Week 2 : DS4100

Using Big Data

Posted on January 21st, 2017

This week we spent a good amount of time discussing how important it is to write good algorithms and code so as to work effectively with truly big data. As mentioned in class, any company can now have access and use for thousands of different, large streams of data, which results in millions to billions of unique data points that need to be parsed, cleaned, and analysed. Because of this, it can be hard to gain clear, valuable insights from one's data sets, as there are just too many different perspectives and angles to look at all the information gathered. That's why I think it's always best for a data scientist to know exactly what they want to determine with their analysis, and what they need to acheive that goal, so that they won't get sidetracked by all the unncessary other data they have access to.

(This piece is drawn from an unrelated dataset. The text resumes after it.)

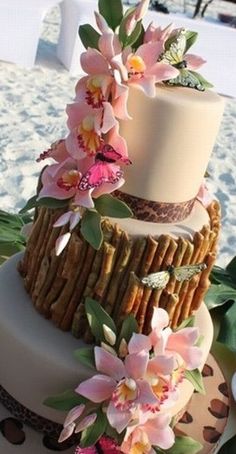 a three tiered cake with pink flowers on top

A good example of this can by seen in an article by the New York Times' data analysis section, the Upshot. In May of 2015, they published an article about upward mobility in different counties of the United States. They based their discussion around a study done by Raj Chetty and Nathaniel Hendren, who had quite a broad range of economic and sociological data at their disposal. While it would have been easy to get overwhelmed by all this data, they decided to focus in on only the factors that were relevant to them and their research. They did an analysis on how children born in different counties would perform in the future based on historic data. They then normalized this to account for immigration and gender, and divided it by the economic class that the child was in throughout most of their childhood. This gives a very interesting look into which American counties are the best for upward-mobility, while also not getting bogged down in unnessary details.

For example, I found that my home county is quite bad for upward-mobility in general, and falls in the 11th percentile of the US. I also learned that our country (Suffolk County) here at Northeastern is not ideal for upward-mobility either, falling far short of Norfolk County, which is 80th percentile nationally and the best in Massachusetts. These were all interesting findings to make, and they were very accessible. Despite the fact that there were massive data sets behind this research, those involved were able to focus on only the attributes that mattered, and thus utilized Big Data in a way that allowed them to make interesting, key observations.